El anuncio más o menos sensacional de la publicación de textos inéditos de un autor ya fallecido suele atraer la discusión sobre el derecho moral a dar a luz esos textos. Así ha vuelto a ocurrir a propósito del anuncio casi simultáneo de la publicación de sendas novelas inéditas de Gabriel García Márquez y de Manolo Vázquez Montalbán.
–Pero cómo, ¿a estas alturas quedaba algo por publicar de autores tan populares y prolíficos? Y enseguida surge la sospecha de que haya gato encerrado. O lo que es peor: de que el texto en cuestión vaya a iluminar zonas “oscuras” o “secretas” del autor, razón por la que él mismo se habría abstenido de darlo a la luz.
Las circunstancias que rodean cada caso son muy distintas, como demuestran los dos casos citados. Y la cuestión de cómo proceder en estas situaciones ha despertado siempre mi interés, quizás porque en mi trayectoria como editor he tenido oportunidad de trabajar en más de una ocasión con la obra póstuma de autores muy destacados.
Llevo más de dos décadas embarcado en la edición de las obras completas del escritor póstumo por excelencia: Franz Kafka, a quien resulta imposible no recordar cuando se aborda este asunto. Pero llevo años, también, haciéndome cargo de la edición en castellano de la obra póstuma de Elias Canetti, escritor celosísimo de lo que dio a publicar en vida pero que sin embargo dejó a su muerte un imponente legado.
Trabajo asimismo en la edición del legado no menos imponente de un escritor tanto o más exigente que Canetti: Rafael Sánchez Ferlosio. Y he tenido oportunidad de intervenir en la edición póstuma de textos tan problemáticos, desde el punto de visto de la razón “moral” que justifica su publicación, como los reunidos hace apenas un par de años en el volumen titulado Notas para unas memorias que nunca escribiré, de Juan Marsé. Participé también, como es sabido, en la publicación de los primeros libros póstumos de Roberto Bolaño.

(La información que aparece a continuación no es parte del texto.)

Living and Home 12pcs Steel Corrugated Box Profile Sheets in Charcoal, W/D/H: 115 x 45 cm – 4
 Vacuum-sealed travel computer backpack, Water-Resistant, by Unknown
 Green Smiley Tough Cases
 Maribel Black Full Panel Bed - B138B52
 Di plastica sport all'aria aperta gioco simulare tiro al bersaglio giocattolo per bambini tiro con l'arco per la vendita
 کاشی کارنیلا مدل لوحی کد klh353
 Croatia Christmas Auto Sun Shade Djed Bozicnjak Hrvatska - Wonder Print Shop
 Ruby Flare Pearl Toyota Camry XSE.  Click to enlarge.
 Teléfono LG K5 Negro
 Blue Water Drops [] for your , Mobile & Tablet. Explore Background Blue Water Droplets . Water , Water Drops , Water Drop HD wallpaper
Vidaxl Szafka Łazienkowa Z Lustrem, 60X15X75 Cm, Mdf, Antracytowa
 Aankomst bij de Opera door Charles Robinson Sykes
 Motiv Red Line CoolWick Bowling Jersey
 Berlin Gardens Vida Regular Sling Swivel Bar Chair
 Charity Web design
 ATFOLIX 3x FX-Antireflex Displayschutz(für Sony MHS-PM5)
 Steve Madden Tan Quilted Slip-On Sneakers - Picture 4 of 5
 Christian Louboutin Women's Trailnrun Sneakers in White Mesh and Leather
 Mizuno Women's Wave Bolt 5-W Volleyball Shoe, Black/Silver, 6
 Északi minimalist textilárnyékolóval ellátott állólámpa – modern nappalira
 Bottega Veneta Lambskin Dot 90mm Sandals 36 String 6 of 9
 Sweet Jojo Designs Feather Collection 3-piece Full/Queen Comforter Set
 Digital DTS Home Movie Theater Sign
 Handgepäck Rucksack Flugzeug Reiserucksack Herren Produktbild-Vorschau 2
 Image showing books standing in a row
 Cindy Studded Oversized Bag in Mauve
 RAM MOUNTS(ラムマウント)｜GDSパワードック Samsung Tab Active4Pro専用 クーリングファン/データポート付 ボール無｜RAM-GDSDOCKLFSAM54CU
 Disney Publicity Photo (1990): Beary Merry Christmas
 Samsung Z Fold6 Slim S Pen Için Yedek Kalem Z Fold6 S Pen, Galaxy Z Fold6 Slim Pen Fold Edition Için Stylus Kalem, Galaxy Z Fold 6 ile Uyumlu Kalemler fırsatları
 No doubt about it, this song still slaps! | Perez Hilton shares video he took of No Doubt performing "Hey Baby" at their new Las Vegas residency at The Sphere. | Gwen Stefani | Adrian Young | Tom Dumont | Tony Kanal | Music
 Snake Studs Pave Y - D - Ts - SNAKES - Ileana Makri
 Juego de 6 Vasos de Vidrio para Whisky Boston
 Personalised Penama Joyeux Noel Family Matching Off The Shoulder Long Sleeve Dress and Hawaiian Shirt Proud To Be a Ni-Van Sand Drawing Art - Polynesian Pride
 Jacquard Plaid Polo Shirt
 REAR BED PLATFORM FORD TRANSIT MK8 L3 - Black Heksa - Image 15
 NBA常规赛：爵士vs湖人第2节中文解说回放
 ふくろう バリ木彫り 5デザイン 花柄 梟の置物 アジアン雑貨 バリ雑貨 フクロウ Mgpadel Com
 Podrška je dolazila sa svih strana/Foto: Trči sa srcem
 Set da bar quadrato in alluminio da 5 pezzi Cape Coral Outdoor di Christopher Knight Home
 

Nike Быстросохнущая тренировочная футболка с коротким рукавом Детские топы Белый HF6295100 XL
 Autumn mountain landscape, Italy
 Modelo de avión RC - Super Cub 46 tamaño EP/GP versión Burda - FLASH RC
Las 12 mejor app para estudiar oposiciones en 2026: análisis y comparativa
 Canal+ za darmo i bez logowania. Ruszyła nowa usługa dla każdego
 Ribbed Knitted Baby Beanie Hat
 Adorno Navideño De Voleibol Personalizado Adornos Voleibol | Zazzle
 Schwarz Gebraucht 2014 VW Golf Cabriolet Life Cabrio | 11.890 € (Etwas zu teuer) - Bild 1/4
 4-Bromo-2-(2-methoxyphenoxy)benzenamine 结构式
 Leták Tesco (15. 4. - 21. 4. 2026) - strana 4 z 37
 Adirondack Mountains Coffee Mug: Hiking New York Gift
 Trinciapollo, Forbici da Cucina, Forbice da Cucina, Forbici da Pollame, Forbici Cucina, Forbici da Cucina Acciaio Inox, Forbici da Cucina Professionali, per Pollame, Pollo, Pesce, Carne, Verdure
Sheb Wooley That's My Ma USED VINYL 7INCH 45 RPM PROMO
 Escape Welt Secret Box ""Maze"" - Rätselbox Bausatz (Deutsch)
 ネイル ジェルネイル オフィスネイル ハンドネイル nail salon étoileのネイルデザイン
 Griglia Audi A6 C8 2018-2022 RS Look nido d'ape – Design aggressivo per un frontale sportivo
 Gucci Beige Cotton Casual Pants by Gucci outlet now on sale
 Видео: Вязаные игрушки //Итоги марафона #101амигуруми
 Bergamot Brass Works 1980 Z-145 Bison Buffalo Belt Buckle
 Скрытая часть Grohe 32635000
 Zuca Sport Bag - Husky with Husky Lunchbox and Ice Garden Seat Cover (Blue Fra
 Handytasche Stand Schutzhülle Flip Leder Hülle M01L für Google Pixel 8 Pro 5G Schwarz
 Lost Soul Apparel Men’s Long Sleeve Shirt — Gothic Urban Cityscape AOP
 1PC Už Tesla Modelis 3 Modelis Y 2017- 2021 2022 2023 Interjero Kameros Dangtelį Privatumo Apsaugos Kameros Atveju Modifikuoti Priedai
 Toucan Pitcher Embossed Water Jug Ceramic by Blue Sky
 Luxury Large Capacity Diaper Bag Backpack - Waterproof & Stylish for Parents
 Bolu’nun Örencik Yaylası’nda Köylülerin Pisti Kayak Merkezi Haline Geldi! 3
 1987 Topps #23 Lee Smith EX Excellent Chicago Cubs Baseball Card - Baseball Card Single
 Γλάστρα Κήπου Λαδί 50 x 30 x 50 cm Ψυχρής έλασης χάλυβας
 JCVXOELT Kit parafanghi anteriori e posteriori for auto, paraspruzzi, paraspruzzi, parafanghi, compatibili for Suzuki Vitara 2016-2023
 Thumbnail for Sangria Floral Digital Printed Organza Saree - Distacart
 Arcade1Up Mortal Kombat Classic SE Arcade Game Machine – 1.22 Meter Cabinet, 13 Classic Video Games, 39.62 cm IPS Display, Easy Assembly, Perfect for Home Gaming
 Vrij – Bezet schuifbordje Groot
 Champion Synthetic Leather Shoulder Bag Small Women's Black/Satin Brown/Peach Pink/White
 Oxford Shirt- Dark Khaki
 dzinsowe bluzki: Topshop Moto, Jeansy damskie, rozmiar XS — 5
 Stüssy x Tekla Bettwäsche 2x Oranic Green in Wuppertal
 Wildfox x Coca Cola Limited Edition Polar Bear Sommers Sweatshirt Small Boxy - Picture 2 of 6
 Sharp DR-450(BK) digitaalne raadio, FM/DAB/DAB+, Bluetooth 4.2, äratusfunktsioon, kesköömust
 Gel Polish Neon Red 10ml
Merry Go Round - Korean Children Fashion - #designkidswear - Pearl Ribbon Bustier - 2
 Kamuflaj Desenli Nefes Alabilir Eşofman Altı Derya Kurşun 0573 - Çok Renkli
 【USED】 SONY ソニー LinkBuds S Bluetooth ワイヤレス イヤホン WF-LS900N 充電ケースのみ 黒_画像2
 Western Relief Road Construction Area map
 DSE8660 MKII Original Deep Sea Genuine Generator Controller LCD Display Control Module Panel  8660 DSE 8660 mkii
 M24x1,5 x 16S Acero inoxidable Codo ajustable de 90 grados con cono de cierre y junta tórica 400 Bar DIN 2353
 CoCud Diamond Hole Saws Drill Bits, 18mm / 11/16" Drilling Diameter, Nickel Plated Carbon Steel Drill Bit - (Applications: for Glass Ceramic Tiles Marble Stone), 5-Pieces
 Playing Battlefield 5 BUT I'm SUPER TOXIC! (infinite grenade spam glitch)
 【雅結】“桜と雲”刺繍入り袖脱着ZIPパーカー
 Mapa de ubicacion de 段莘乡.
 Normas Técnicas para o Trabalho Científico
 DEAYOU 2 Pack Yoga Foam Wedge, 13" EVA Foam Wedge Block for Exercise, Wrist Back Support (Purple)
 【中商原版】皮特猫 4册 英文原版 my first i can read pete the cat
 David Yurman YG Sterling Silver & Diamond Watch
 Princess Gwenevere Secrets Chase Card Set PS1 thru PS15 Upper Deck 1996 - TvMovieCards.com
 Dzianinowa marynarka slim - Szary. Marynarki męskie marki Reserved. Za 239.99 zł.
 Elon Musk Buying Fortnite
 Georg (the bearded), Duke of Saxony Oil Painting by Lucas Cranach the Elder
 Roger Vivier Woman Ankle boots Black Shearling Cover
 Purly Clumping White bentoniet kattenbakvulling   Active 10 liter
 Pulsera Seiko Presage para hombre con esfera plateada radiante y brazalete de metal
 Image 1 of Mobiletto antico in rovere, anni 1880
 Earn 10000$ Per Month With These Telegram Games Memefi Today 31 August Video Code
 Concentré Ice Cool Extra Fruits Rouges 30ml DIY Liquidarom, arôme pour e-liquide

Todo texto que su autor ha conservado hasta su muerte es susceptible de darse a la luz, cualesquiera sean las reservas que se oponen a ello
La experiencia habida en la edición de estos y otros autores, sumada a mi propio juicio como lector de no pocos libros póstumos cuya publicación dio lugar, en su momento, a polémicas más o menos fundadas (como la que pretendió zanjar la
edición “canónica” de El Gatopardo de Lampedusa, en el año 2002; o las que propiciaron las novelas póstumas de Ernest Hemingway), me predispone al debate apasionado sobre esta materia.
Aunque los filos de la discusión son incontables, pienso que conviene partir de la premisa de que todo texto que su autor ha conservado hasta su muerte es susceptible de darse a la luz, cualesquiera sean las reservas que se oponen a ello, pues en la naturaleza de la escritura misma está la voluntad de permanencia y de transmisión.
Eso sí: a quienes asiste el derecho legal de dar a luz un texto sin el consentimiento expreso de su autor, incluso a despecho de su voluntad más o menos declarada, debería imponérseles la obligación de publicarlo con algunas garantías, es decir, dando razón suficiente de la fecha y de las circunstancias –si se conocen– en que el texto fue escrito y conservado, de las condiciones en que se halló, y de la extensión y alcance de las intervenciones practicadas sobre el original.
A ello debería sumarse una hipótesis razonable acerca de los motivos por los que el autor desestimó en su momento publicar el texto en cuestión, o que le impidieron hacerlo.
Esta exigencia básica evitaría manipulaciones tendenciosas, allanaría malentendidos y contribuiría a determinar la posición relativa que el título en cuestión ocupa en el conjunto de la obra del escritor, no toda ella igualmente “autorizada”.
Los problemas solo empiezan cuando esta exigencia se incumple, lo cual es bastante frecuente, por desgracia.